L’école a été assurément un élément catalyseur. Elle a permis à ces enfants de Villard Dessus de vivre, d’être un lieu de repli. Au delà des évènements retenons donc la magie de l’ école et son pouvoir surnaturel….(pardon pour cet mot )
Ainsi Lucie et Paul ont construit, certes inconsciemment, un de ces chemins de la mémoire, ils ont pansé ces blessures, la cicatrice fait quelquefois encore mal. Je suis fier d’avoir pu écrire ce passage de leur vie, cette vie passée à la lisière d’eux mêmes. Je sais que ce texte est la construction personnelle d’une page, j’en connais sa richesse, sa profondeur, son intime.

                          Commentaires personnels
                                                                                      
Ce besoin de mémoire est né d’un besoin d’éclaircissement des zones d’ombre du passé. Ma peur est toujours à fleur de peau de voir partir ( mais ça ne presse vraiment pas !) des hommes et des femmes qui sont une bibliothèque vivante et qui connaissent des faits écrits nulle part. C’est essentiel d’aller à la rencontre de ces hommes et de ces femmes qui détiennent au fond de leur mémoire des faits uniques. Au travers de ces écritures c’est la seule façon de se comprendre et donc de vivre ensemble…L’absurde demeure dans les malentendus !
Alors nous nous sommes posés les grandes questions des enjeux de la mémoire, comment la mémoire nous parvient elle ?  Quel rôle pour l’histoire ? Y a t il des mémoires oubliées ? de quoi se souvient on ?
Je reste intimement convaincu qu’il est encore temps d’emprunter avec les enfants des écoles ces chemins de la mémoire, que Lucie et Paul ont parcourus. Profitons de ces moments forts pour inviter Paul et Lucie autour d’un banc d’une classe pour nous parler de ces temps pas si lointains.

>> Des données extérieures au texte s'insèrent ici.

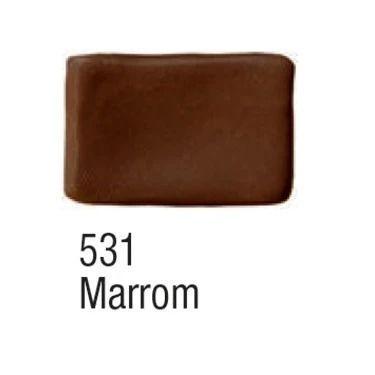 Imagem de Massa para biscuit 90g acrilex - varias cores -, Marrom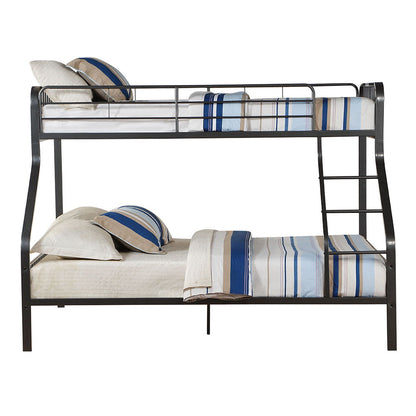 Caius - Twin Long/Queen Bunk Bed - Gunmetal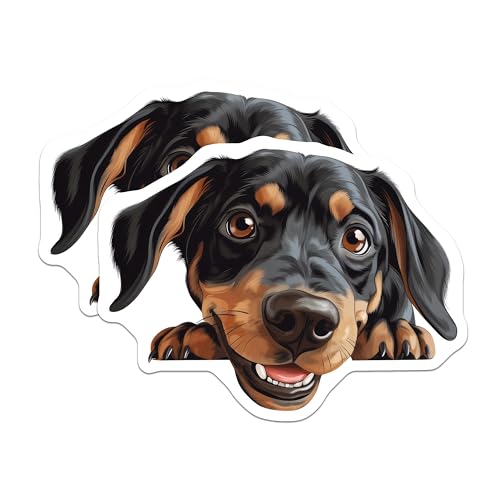 (2 Pack) Adorable Pet Decor Magnet - Cute Puppy Face - 5" On Longest Side - Sticks to Smooth Flat Surfaces - Made in USA - MAG9841
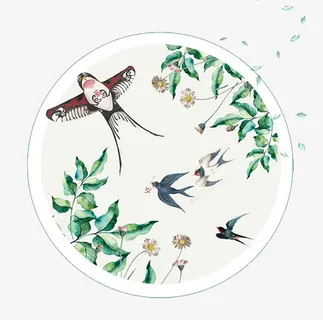 踏青燕子风筝元素免抠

Leur courage, leur attachement à la terre sauvage que ces gens de là haut tentent d’apprivoiser, sont à méditer afin de garder le sens de leurs mots, de s’imprégner de leurs regards,  de lire dans leurs rides, de caresser la rugosité de leurs mains qui sont une bien douce caresse.
( Merci à vous Lucie, merci à toi Paul Veilex, qui nous observe entre deux nuages, merci d’avoir eu cette humilité d’avoir ouvert un espace de votre vie.)